ガリガリ、、、うっ?、何だ? ガリガリ、、、あっ、タマ、やめなさい。タマが俺の車の下潜って、後輪あたりで爪研ぎだかなんだか知らないけど、ガリガリやってるじゃないか。こら、やめろ!

また、消えた。叱られるとどっか行って、しばらくするとまた現れて、例の中学生反抗期パターン。もう、ガリガリやるなよ。俺は今夜はお前に付き合ってここに泊まる気になったんだから、、、なんて言ってる端からまたガリガリ。タマ、いい加減にしなさい。お前がその態度を改めないんなら、こっちだって友情より車の安全性を取るぞ、冗談じゃなくて、、、なんて説教も、もしかしたら英語じゃなきゃダメなのか、半分、こっちの血だから。ま、しばらく様子を見て、、、なんて悠長なこと考えてたら3回目のガリガリが始まり、そうか、分かった。
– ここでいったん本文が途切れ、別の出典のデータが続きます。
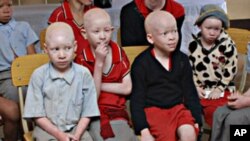 Children with albinism sit at the Golden Valley English Medium School, a school sponsored by Under the Same Sun (UTSS), in Geita, Tanzania.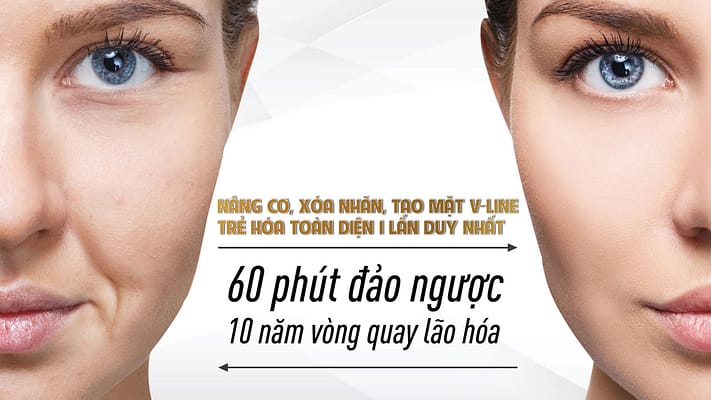 NÂNG CƠ XÓA NHĂN KHÔNG PHẪU THUẬT NÂNG CƠ XÓA NHĂN KHÔNG PHẪU THUẬT BẰNG CÔNG NGHỆ ROCKET VIBA VÀNG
お前がどうしてもやめないんだから、俺は今夜はここに泊まらない。じゃあな、タマ。あばよ、タマ。

 

今夜のフェリーでベラベラを発つという日の夕方、私はやっぱり気になってタマに会いに行った。最後だから、プレゼントも用意して。

 

もう会うことないんだろうけど、タマ、達者でな。ありがとな。楽しかったぜ、短い時間だったけれど。